El méxicano boxeó defensivo buscando meter sus golpes cuando Rubio pausaba su ataque.
Por José Sánchez Fournier / Enviado Especial
SAN ANTONIO - Problemas con la ley y con el peso no detuvieron a Julio César Chávez, hijo, quien retuvo su faja peso medio del Consejo Mundial de Boxeo, venciendo por decisión a Marco Antonio 'Veneno' Rubio.
Chávez le admitió a El Nuevo Día el jueves que tuvo mucha dificultad para bajar a las 160 libras. Además, el pasado 22 de enero fue arrestado por conducir ebrio en Los Ángeles durante el periodo final de su entrenamiento en esa ciudad. Aún así anoche mantuvo un buen ritmo ofensivo para ganar por tarjetas de 118-110, 116-112, y 115-113.

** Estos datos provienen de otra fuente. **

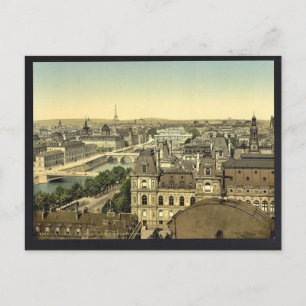 Panorama van de zeven bruggen, Parijs, klasse Fran Briefkaart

Rubio (53-6-1, 47 nocauts) contó con una minoritaria pero sonora fanaticada en el estadio tejano. Y los animó desde el saque, avanzando con su jab y tiros al cuerpo al sonar la campana. Chávez (45-0-1-1, 31 nocauts) boxeó defensivo, buscando meter sus golpes cuando Rubio pausaba su ataque. Intercambiaron papeles al arrancar el segundo, con Chávez siendo el agresor y acorralando contra el ensogado a su rival en dos ocasiones.
En el tercero, el Junior conectó solido a Rubio con un derechazo a la cara, mientras el Veneno ponía presión. Chávez fue más agresivo en el cuarto y continuaba acumulando asaltos a su favor.
Un gancho de izquierda en el hígado hizo que Rubio se doblegara mientras su rival lo castigaba en una de las esquinas neutrales, en el quinto. Poco después, Rubio conectó un golpe bajo que le costó infracción de un punto. Otro foul a los planos bajos conectado por Rubio detuvo la acción momentáneamente en el sexto, pero no hubo penalidad.
Luego de la pausa, Rubio se tornó en el agresor, pero el hijo de la leyenda boxística mexicana retomó el control al final del round seis.
Rubio ganó un séptimo asalto disputado en el cuerpo a cuerpo y sacudió a su contrario con una izquierda fuerte en la frente.
Chávez abandonó el jab y se fue al 'toma y dame' en el octavo, con éxito. A pesar de sus problemas en el acuartelamiento, no parecía estar quedándose sin energías.
Rubio tambaleó a Chávez con varios golpes en el undécimo, pero Julio César retomó la ofensiva en el asalto más emocionante de la pelea. Luego apretó en el último round, para llevarse la decisión.